No processo eleitoral de 2018, que elegeu o presidente Jair Bolsonaro, houve uma pauta que constava de todas as campanhas: reforma tributária profunda que simplificasse nosso sistema de tributação da produção, os impostos indiretos, e reduzisse, portanto, o custo de processamento (ou de conformidade) incorrido pelas empresas.
Dessa forma, a reforma também diminui o litígio e desestimula que produção e investimento sejam decididos prioritariamente pela redução de custo tributário, e não pela eficiência.
Há inúmeras contestações à PEC 45, muitas delas equivocadas. Tratarei nesta coluna de duas delas.
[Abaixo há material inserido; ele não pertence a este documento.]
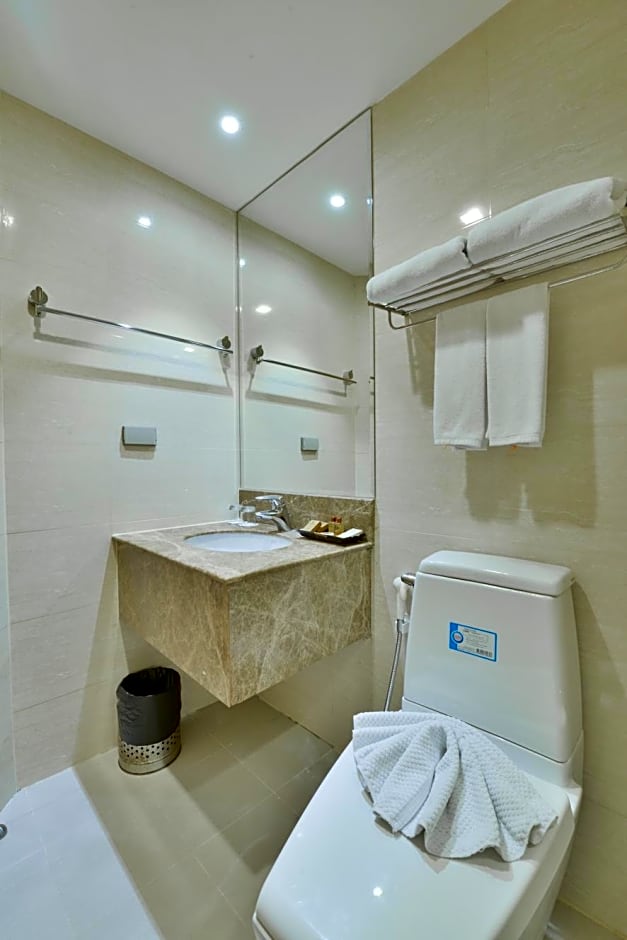 Prestige Suites Nana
É comum se alegar que o imposto sobre o valor adicionado (IVA) é um imposto velho do século 20, que não foi desenhado para o mundo da internet, do comércio eletrônico, das gigantes de tecnologias, e, principalmente, para os novos serviços propiciados pelas tecnologias de compartilhamento. Aponta-se o exemplo da Europa e sua busca por tributar esses segmentos da produção.
Há enorme confusão aqui. Não há nenhuma dificuldade em estender o IVA para os serviços prestados pela Netflix, por exemplo. Trata-se do oposto: como é eletrônico, é formal. A imposição de um IVA é mais simples e transparente.
O problema europeu está associado a outra questão, muito distinta. Trata-se de imposto de renda, e não de imposto indireto. Parisienses consomem serviços da nuvem do Google ou filmes da Netflix. Parte do lucro do Google ou da Netflix será gerado por esses serviços. Como a empresa não tem sede na França, a municipalidade não consegue tributar a renda gerada no município. Assim, o imposto sobre o faturamento que a Europa cogita criar para essas empresas é substituto do imposto sobre lucro, e não do IVA. A segunda alegação é que a PEC 45 fere o princípio constitucional de autonomia dos entes da Federação.
Há duas questões: a jurídica e econômica. Tenho, evidentemente, enorme dificuldade em opinar sobre a constitucionalidade da PEC 45. Somente chamo a atenção que o STF tem sido muito elástico em julgar o tema das relações federativas.
Por exemplo, o STF não avaliou como inconstitucional o Congresso Nacional impor um piso ao salário de professor mesmo quando da rede estadual ou municipal. Por outro lado, avaliou que o governo central invadiu a autonomia dos entes federados quando impôs o seu critério na contabilidade de “gasto com pessoal” em Estados que tinham contrato de refinanciamento de dívida com o Tesouro Nacional, e nos quais a despesa como o funcionalismo era parte de cláusula contratual.
O que ocorre é que nossa Constituição é tão prolixa e contraditória que é quase sempre possível encontrar passagens do seu texto que tornem uma legislação constitucional ou inconstitucional. Ao menos é assim que parece ao leigo.
No texto da PEC 45, há latitude suficiente para os Estados e municípios estabelecerem seus parâmetros de arrecadação e, portanto, exercerem a autonomia federativa.
Do ponto de vista econômico, e oxalá os juristas prestem atenção a este argumento, é a atual legislação que fere o princípio de Estado Federativo, cláusula pétrea da Constituição.
A Federação é um espaço econômico compartilhado por diversas unidades —os entes da Federação— que se beneficiam dos ganhos de aglomeração (as conhecidas economias de escala e de escopo) e da mobilidade dos fatores produtivos, capital e trabalho, para estimular a eficiência econômica e o crescimento de longo prazo da produtividade do trabalho. As distorções do atual sistema tributário corroem esses benefícios.
Assim, do ponto de vista econômico, a PEC 45 devolve à federação brasileira sua principal razão de ser.